Kann sich daran noch jemand erinnern? – Am 25. Juni 2009 ist in Los Angeles der Musiker Michael Jackson gestorben.

Der Tag danach. Natürlich war der Tod Thema in den Medien – beziehungsweise nicht der Tod, sondern das Spektakel des Todes; es ist dies, gerade im Fall von Jackson, ein spekulatives Spektakel vom Sterben. Und wie jedes Spektakel lebt auch dieses von Bildern. Die Bilder verweisen auf das, was in der unheimlichen Welt der flüchtigen Sensationen als positive Tatsachen gehandelt werden kann; Bilder geben der Panik eine Sicherheit, eine Ordnung zurück; aber zugleich erzeugen diese Bilder diese Panik überhaupt erst. Panik ist die Einstellung, mit der die Bilder betrachtet werden. Immer wieder wird das Programm unterbrochen, gibt es die Nachricht vom Tod Michael Jacksons als Sondermeldung; immer wieder wird die Sequenz vom Krankenwagen gezeigt, der mit Blaulicht davonrast. Mit jeder Wiederholung der Bildsequenz wird die Nachricht vom Tod authentischer.

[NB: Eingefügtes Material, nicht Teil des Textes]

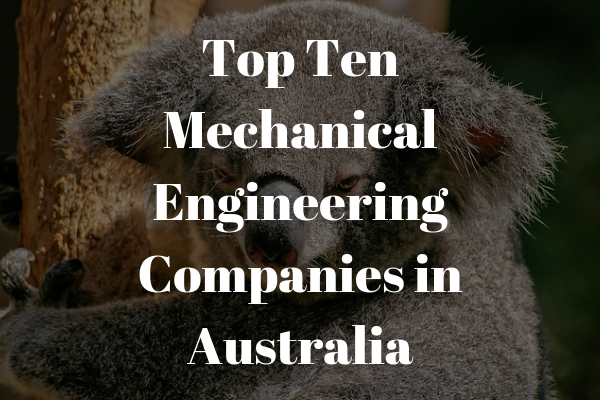 Top ten mechanical engineering companies in Australia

Die Popkulturindustrie, als deren König Michael Jackson galt, setzt für die Fälle eines so genannten Kategorie-A-Toten ihre eigenen Mechanismen in Gang; es sind ökonomische Mechanismen, die freilich der krudesten Verwertungslogik des Kapitals unterliegen. Das betrifft vor allem den Devotionalienhandel, das temporär aufblühende Geschäft mit Fan-Artikeln und Souvenirs, die dem allgemeinen Warenfetischismus noch einmal einen religiösen, wenngleich auch höchst albernen Aspekt verleihen: Wer hier unmittelbar nach dem Tod die Preise verfolgte, wurde von allerhand Absurditäten überrascht. „Moonwalk. Mein Leben“, ein Buch, bei dem Michael Jackson als Autor fungiert, erschienen 1994, war nicht unter 110,00 Euro zu haben; die englische Originalausgabe gab es für rund 250 Pfund. Weitere, als Biografien betitelte, Taschenbücher, gebraucht, keineswegs immer gut erhalten, ehedem publiziert in den üblichen Trivial-Verlagen, wurden für mitunter weit über fünfzig Euro angeboten. Zu Höchstpreisen gehandelt wurde schließlich der „Official Michael Jackson Calendar 2009“ (893,20 Euro) und Victor M. Gutierrez’ Dokumentation „Michael Jackson Was My Lover“ (neu: 452 Euro; gebraucht: 379 Euro). – Und schon kurze Zeit später gab es all dies wieder hinterhergeschmissen, zu Kleinpreisen im Centbereich. Bemerkenswert zudem, dass solche Dinge, die in der Popgesellschaft den ökonomisch berechtigten Status von Sammlerobjekten haben, nämlich Schallplatten, insbesondere Erstpressungen und sonstige Raritäten, in ihrer Preisentwicklung vom Tod Jacksons völlig unbeeinflusst blieben.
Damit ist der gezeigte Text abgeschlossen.